**Exercise directions:** Below is a listing from which only part is wanted; return exactly the lines from the one with "Photo by Robert Fiege/News-Leader" up to and including the one with "El Cid Resorts Vacation Ventus".

**Available records:**
+ + +
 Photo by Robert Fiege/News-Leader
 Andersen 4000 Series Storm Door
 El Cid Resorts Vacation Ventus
+ + +
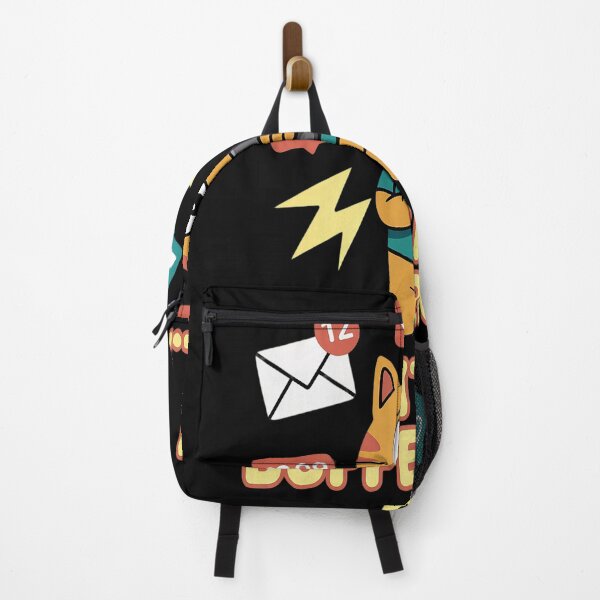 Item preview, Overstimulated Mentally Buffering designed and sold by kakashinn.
+ + +
**Exercise response:**
 Photo by Robert Fiege/News-Leader
 Andersen 4000 Series Storm Door
 El Cid Resorts Vacation Ventus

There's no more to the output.